Type the following command in your Terminal

``$ /data/oneapi_workshop/get_sc20_tutorial.sh``

You're all set. Next task: get familiar with the programming environment

### Optional: Other things to try for more examples

Open a Terminal and type:

``$ oneapi-cli``

To get access to more oneAPI code examples and Tutorials. 

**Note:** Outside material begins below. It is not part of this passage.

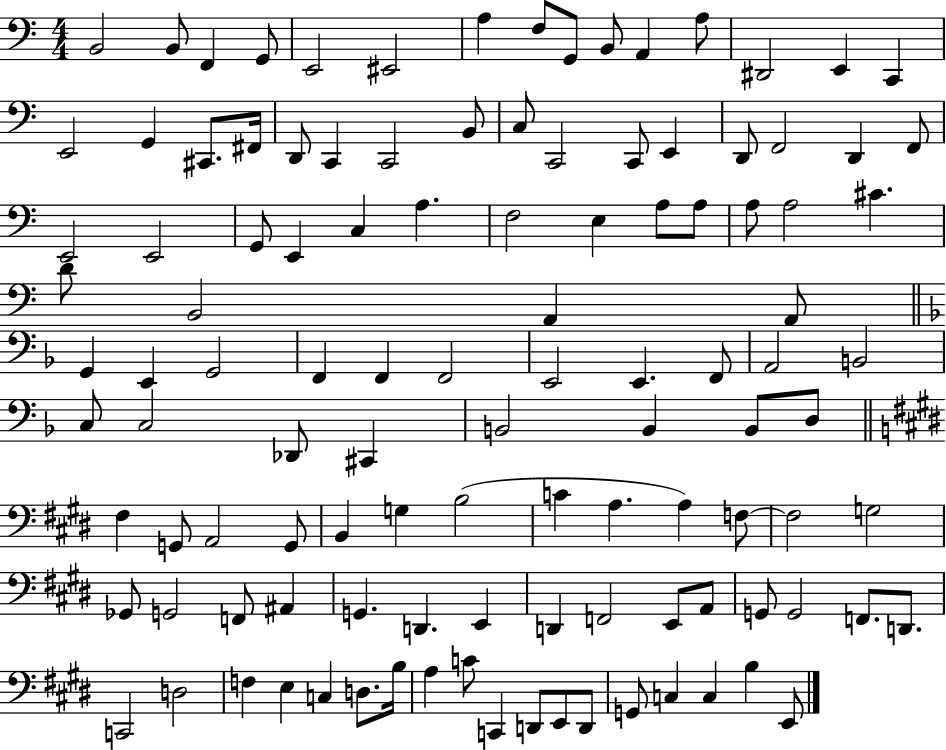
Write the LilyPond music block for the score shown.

Or simply launch the following cell to get access to the example James shared in the first session:

In [None]:
! cd ~; wget tinyurl.com/tut116-code; tar xvfz tut116-code

# Introduction to DPC++

##### Sections
- _Code_: [Hello, DPC++!](#Hello,-DPC++!)
- _Code_: [Targeting an FPGA](#Targeting-an-FPGA)

# Hello, DPC++!

To begin, we'll build and run a very simple Data Parallel C++ code example. Our first example adds two vectors A and B, and stores the result in a third vector C. The additions of vector elements can be interleaved and executed in parallel, since there are no dependencies between iterations. A kind of hello world example of data parallel programming, isn't it?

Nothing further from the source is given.